Oil and Gas : Well Completion
SETTING PRODUCTION CASING
If the operator decides to set production casing, a supplier brings it to the well. For the final time, the casing and cementing crews run and cement a string of casing in the well. In the case of our model well, the crew could run 5 -inch(127millimetre) casing in the 7 7/8-inch (200-millimetre) hole. Keep in mind that the operator may elect to set a liner string. As you recall, a liner string is the same as a casing string except that a liner does not run all the way to the surface. Instead, the casing crew hangs it inside a previously run casing or liner.
Usually, the casing and cementing crews set and cement the production casing or liner through the pay zone. The drilling crew drills the hole so that it goes all the way through the producing horizon and stops a short distance below. Then the casing crew runs the production string almost to the bottom of the hole. (It leaves a little room beneath the guide shoe to allow cement to flow out of the casing.) The production casing or liner and the cement actually seal off the producing zone. At this point, the drilling rig and crews are finished with their job: they have drilled, cased, and cemented the well to the depth specified by the drilling contract. Their only remaining job is to disassemble the rig (rig down) and move it to the next drilling location.
PERFORATING The operator is not through, however.
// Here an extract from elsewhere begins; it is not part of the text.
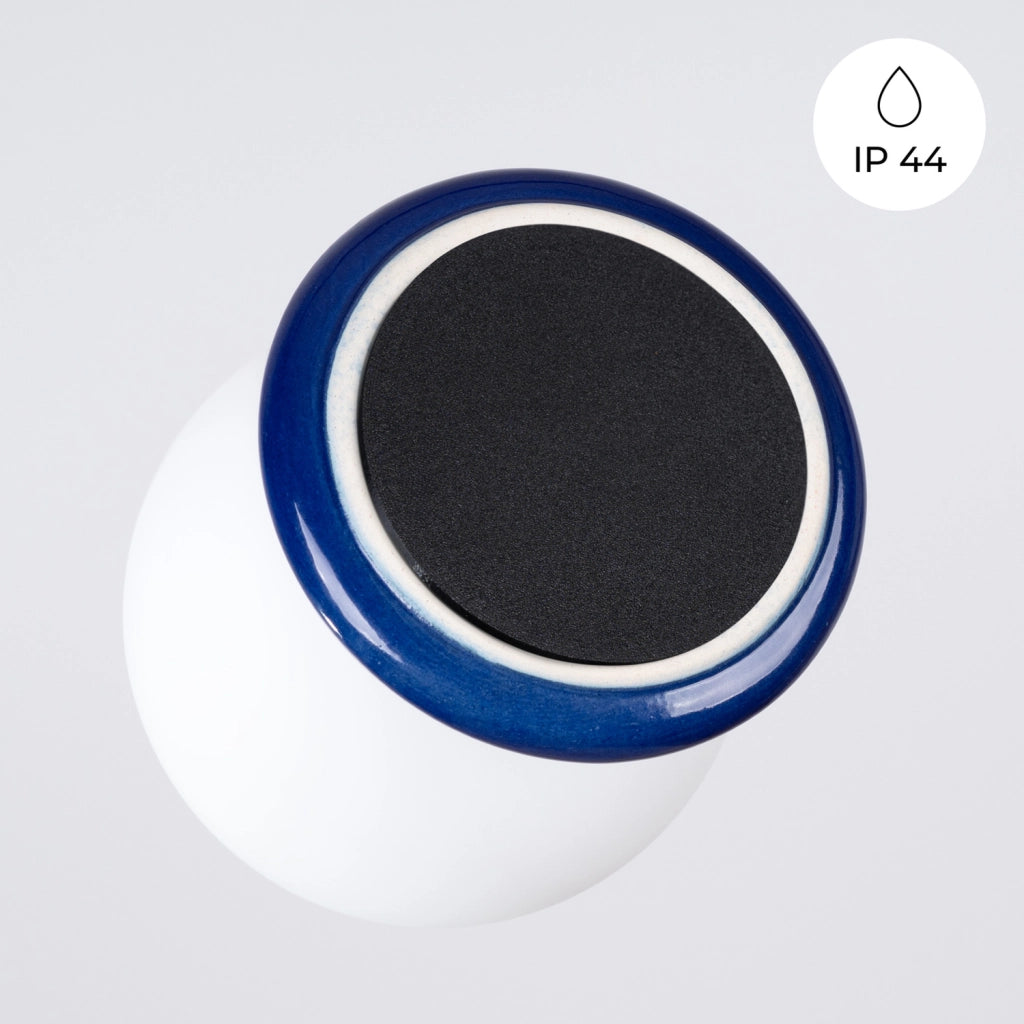 Applique bagno sfera vetro opale ultramarina G9 Albano PureLume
Because the production string and the cement seal the producing zone, the operator has to provide a way for oil and gas to get from the formation and into the well. Usually, the operator hires the services of a completion rig, which is a relatively small portable rig whose crews perform the final operations required to bring the well into production (fig. 179). One important task is to perforate the well. A special gun shoots several relatively small holes in the casing. It makes them in the side of the casing opposite the producing zone. These holes, or perforations, pierce the casing or liner and the cement around the casing or liner. The perforations go through the casing and the cement and a short distance into the producing formation. Formation fluids, which include oil and gas, flow through these perforations and into the well.
The most common perforating gun uses shaped charges, similar to those used in armor-piercing shells. Several high speed, high-pressure jets of gas penetrate the steel casing, the cement, and the formation next to the cement. A perforating specialist installs the charges in the special gun and lowers it usually on wireline, rather than drill pipe-into the well to the desired depth. The depth can be determined by running a collar locator log, which identifies the depth of each casing collar.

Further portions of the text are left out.